After completing my essential knife skills class at The New School of Cooking, my dream of mastering culinary knife techniques in a single afternoon was sliced, diced, chopped and turned into julienne fries.
I naively went into the class thinking I could learn a secret culinary knife trick that would jump start my ability to use a chef’s knife. The class was more of an introduction to essential knife skills.
It was a good class for a beginner like myself, but many in the class were clearly looking for a higher level of training.

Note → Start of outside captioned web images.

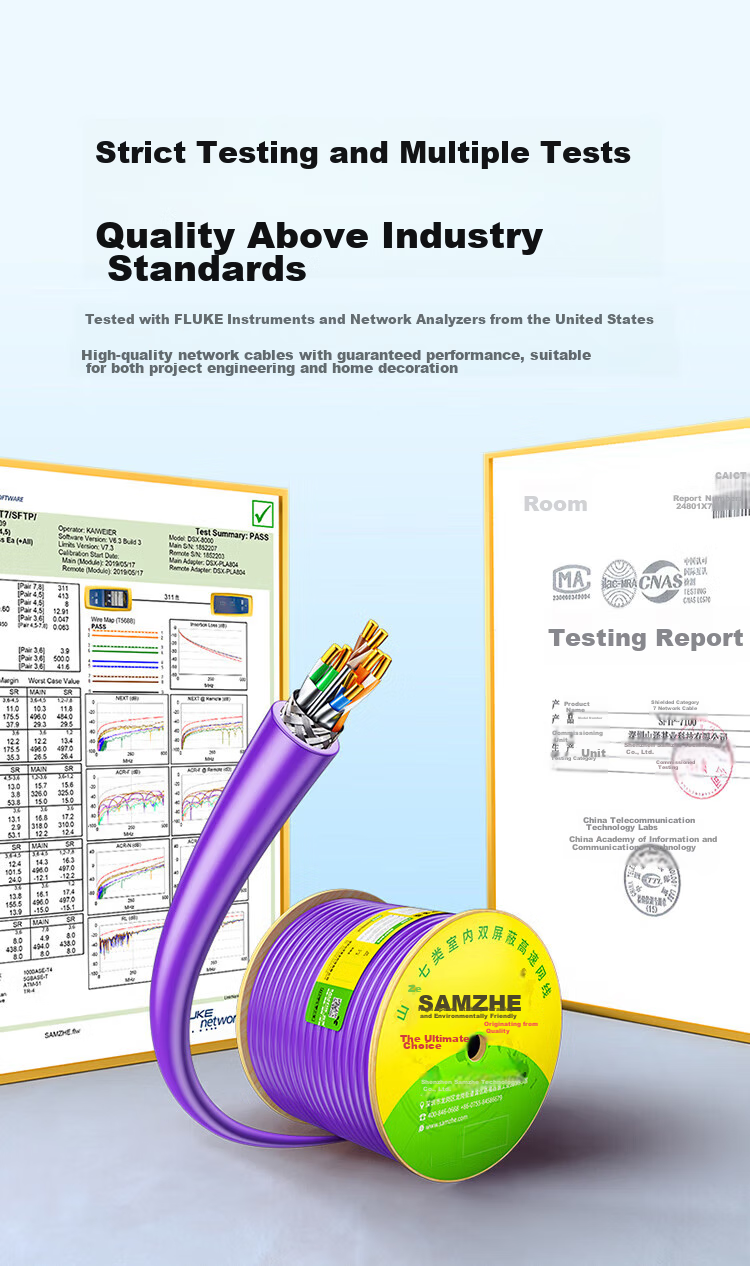 SAMZHE CAT7 10G Dual-Shielded Ethernet Cable [0.57±0.008mm Pure Copper Core] CAT7 Anti-Interference Low Smoke Zero Halogen Engineering Home Network Box Cable 25 Meters 7025SZP 7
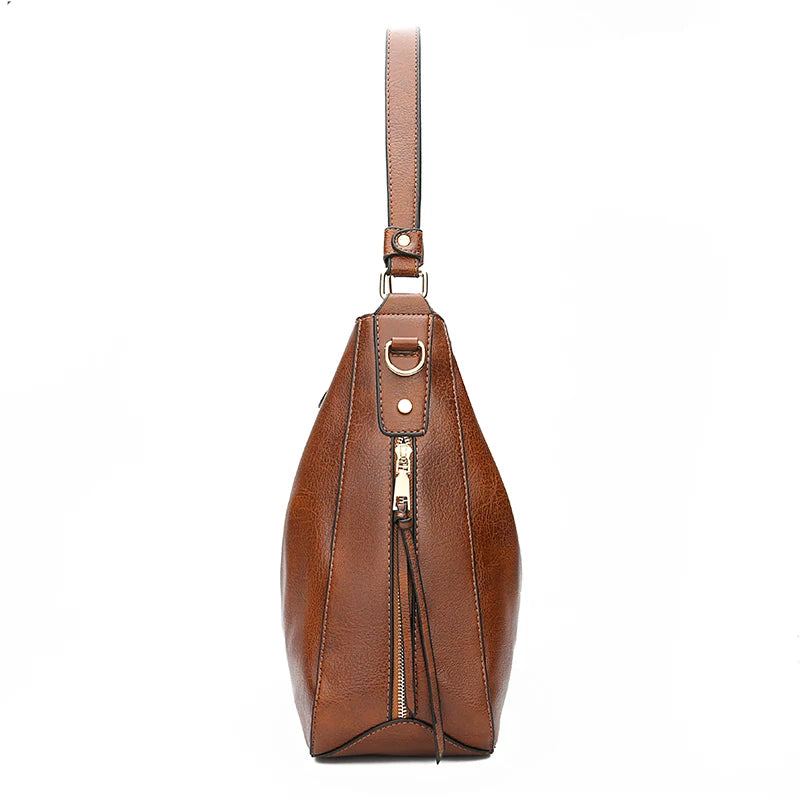 Damen Hobo Bag aus Leder-Optik – Große Schultertasche mit viel Stauraum, lässige Tote Bag für Alltag & Freizeit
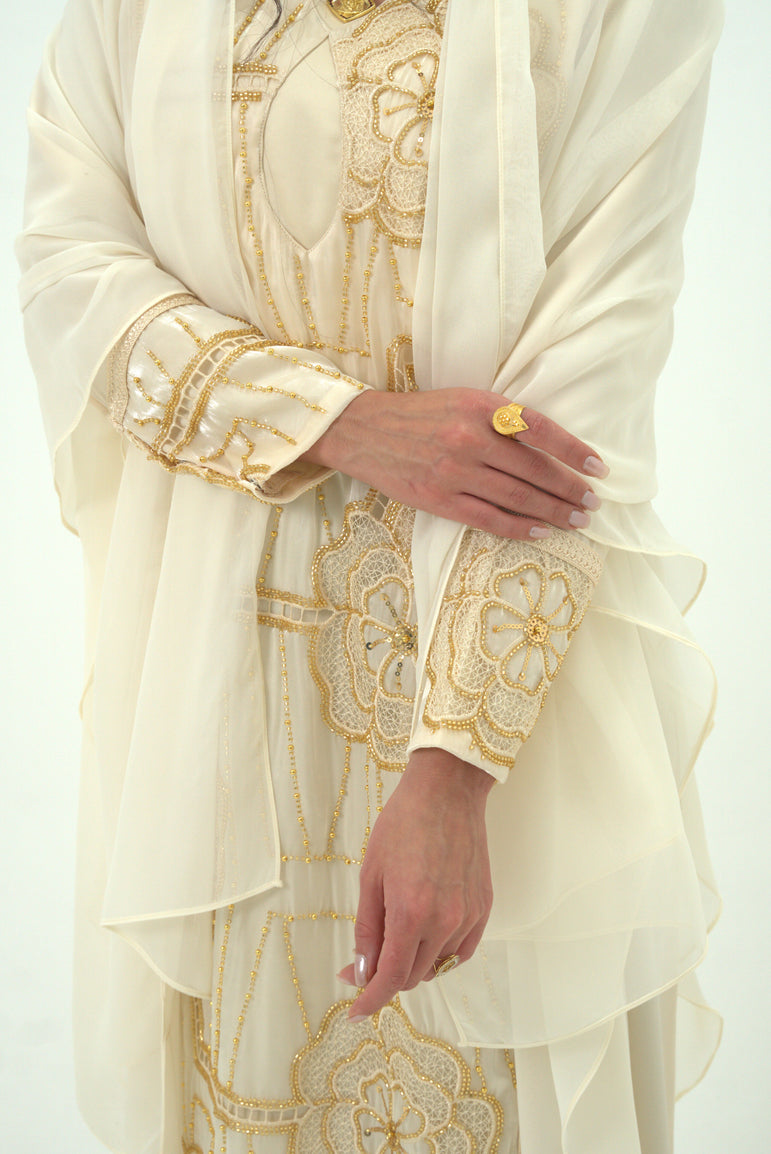 Noor Al Ivory Embroidered Dress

The first hour of the three-hour class was a lecture on the types of knives and a discussion on cutting techniques. The second part of the class I sliced, diced, chopped, chiffonaded and julienned vegetables with a chef’s knife. I even was able to supreme an orange.
At the end, I shared a meal made from the fruits and vegetable used in the class with my fellow chefs in training. We had a surprisingly good meal consisting of kale salad, potato gratin and brussels sprouts with a salsa verde.
- Always use the claw when using a knife in the kitchen.
- There is no shortcut to mastering the knife. Practice, Practice, Practice is the only way to get better.
- The chef’s knife and the paring knife are the only essential knives needed in the kitchen. The other knives can be helpful, but not required.
- Cutting up fresh herbs is extremely easy and makes your food taste much better.
- For best control of a chef’s knife, use the pinch grip.
- If prepared properly, a kale salad can taste really good.
- Always hold a chef’s knife before you buy it. You need to find a knife that feels good in your hand.